Would the child of a tenured senior professor have a chance at admission at very selective school with a mixed record including a 3.5 GPA at a private school and 1500 on SAT along with a strong essay and broad set of ECs? Or is the the GPA just too low to spend an ED app on super selective school? Have talked to people at work and cannot get a real read on how realistic one needs to be. Have read the threads on faculty children but cannot really figure out how big a boost faculty children get in admission and whether the kid should apply to less selective schools during ED. The kid’s first choice is where the parent teaches. The Harvard lawsuit seems to show that faculty kids are admitted there at a high rate but most of the kids are overachievers and would be likely admits regardless. So just trying to figure out if app would be a reach or massive overreach. Any faculty parents or admission staff have insight on this issue?
Too little info provided. A 3.5 that’s the middle of the pack at East Podunk High is a lot different from a 3.5 that is top 10% at a top ranked HS. The former has a snowball’s chance in hell of getting accepted. Faculty brats get a boost, but not if they’re unqualified
The admissions office should be able to clue you in about this. Go have a talk with them.

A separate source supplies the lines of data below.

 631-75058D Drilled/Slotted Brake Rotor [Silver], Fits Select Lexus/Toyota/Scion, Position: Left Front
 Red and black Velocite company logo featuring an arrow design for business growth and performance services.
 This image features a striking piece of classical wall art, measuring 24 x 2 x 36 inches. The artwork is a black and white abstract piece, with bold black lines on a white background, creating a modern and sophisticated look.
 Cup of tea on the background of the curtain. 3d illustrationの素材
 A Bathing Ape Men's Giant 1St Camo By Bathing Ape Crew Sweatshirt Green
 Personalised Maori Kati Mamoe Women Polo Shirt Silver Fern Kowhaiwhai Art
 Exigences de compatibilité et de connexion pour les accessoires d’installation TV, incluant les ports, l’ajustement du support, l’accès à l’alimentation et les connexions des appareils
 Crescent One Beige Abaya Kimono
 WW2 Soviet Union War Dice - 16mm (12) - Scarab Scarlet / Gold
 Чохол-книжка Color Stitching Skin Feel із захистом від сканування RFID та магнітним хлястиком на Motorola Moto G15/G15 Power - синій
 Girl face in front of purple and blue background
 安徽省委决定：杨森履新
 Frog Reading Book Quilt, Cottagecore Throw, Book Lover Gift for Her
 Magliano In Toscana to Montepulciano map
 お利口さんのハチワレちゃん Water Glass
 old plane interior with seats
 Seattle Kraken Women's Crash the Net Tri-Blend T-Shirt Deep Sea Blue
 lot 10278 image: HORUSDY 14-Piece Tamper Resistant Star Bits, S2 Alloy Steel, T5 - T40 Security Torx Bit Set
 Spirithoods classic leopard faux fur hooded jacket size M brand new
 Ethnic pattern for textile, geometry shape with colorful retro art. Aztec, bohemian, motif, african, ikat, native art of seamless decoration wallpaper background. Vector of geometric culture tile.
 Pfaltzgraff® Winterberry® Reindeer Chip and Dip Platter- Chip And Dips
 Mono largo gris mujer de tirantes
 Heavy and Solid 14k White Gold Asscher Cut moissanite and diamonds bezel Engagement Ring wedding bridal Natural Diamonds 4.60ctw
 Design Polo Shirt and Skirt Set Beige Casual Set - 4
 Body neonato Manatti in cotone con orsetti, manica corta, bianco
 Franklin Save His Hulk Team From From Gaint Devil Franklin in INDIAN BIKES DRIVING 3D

Kid goes to a very demanding prep school but did not take the hardest classes. did better in JR year after weak sophomore year. I tried to get info from admission office but they just said review is holistic and hard to know without seeing file. I just don’t want the child to waste an ED on a school that is too big a reach. I am sure the kid could handle the work having taught undergrads for years at the school, but admissions standards are so high now compared to when I applied years ago.
The recent Harvard lawsuit has some data that might be of interest to you. The Arcidiacono report is what you want to look at. He found that there were a variety of factors that independently helped with Harvard admissions. The highest was of course athlete preference. But he also found that child of a faculty gave a great admissions boost. The relative weight of this boost was about equal to being a legacy at Harvard college.
So if your child’s GPA and test scores are within range (25-75th percentile) then definitely apply ED.
Does your university also provide a tuition benefit? If so how much? Many offer 100% tuition scholarship for children who attend their own institution, but only 50% for outside institutions. The 50% can be quite a lot, especially at private colleges – upwards of $40K per year. So accepting a faculty child will save the university a lot of money. Instead of sending $40K to another institution, they are able to keep it. So I think money plays a role here as well.
IMO, students should use their ED at their first choice. If that’s the school where you teach, there is nothing wrong with trying. That said, I do think if your child isn’t in the top 10% of their HS graduating class, it’s going to be a high reach if we are talking about a T20.
of your son’s dad can donate a building to the school OR your son says that he is legacy, he can get accepted anywhere
Sometimes, depending on the college, hooks are only helpful in the ED or SCEA round. So even if your student is a smidge less than competitive, it might behoove them to give the early round a go. Not sure if this applies to your case, but it seems that if that college is the kid’s first choice and you might get a break on the cost, those are excellent reasons to use the ED shot.
Depends on the school and the kid’s high school. We know faculty at a top 20 university who receive a tuition benefit for their kids and were told at presentations that being a faculty kid was a feather on the scale – between two equally well qualified applicants, the feather could push the faculty kid to acceptance. Another aspect of admissions for faculty kids is the impact of tuition benefit – often, the benefit is better at “home” institution so that many faculty kids apply, making the pool more competitive. At the t20 school we hear about, that means that only the tip top faculty kids get in.
Really, the answer depends on your specific institution. If the schools is the student’s first choice, and the money works, then yes, ED is worth it. But have solid match/safeties in place ready to go. Even better is rolling EA with acceptance before the ED decision comes out, for many students, that could be their public flagship, including Honors. That softens the blow of a potential ED deferral.
Also another data point. A good friend of mine is a full professor at Duke. His kid applied to Duke in the RD round. NC resident/4.0/36 and was rejected. So different colleges treat the faculty status with varying amounts of weight.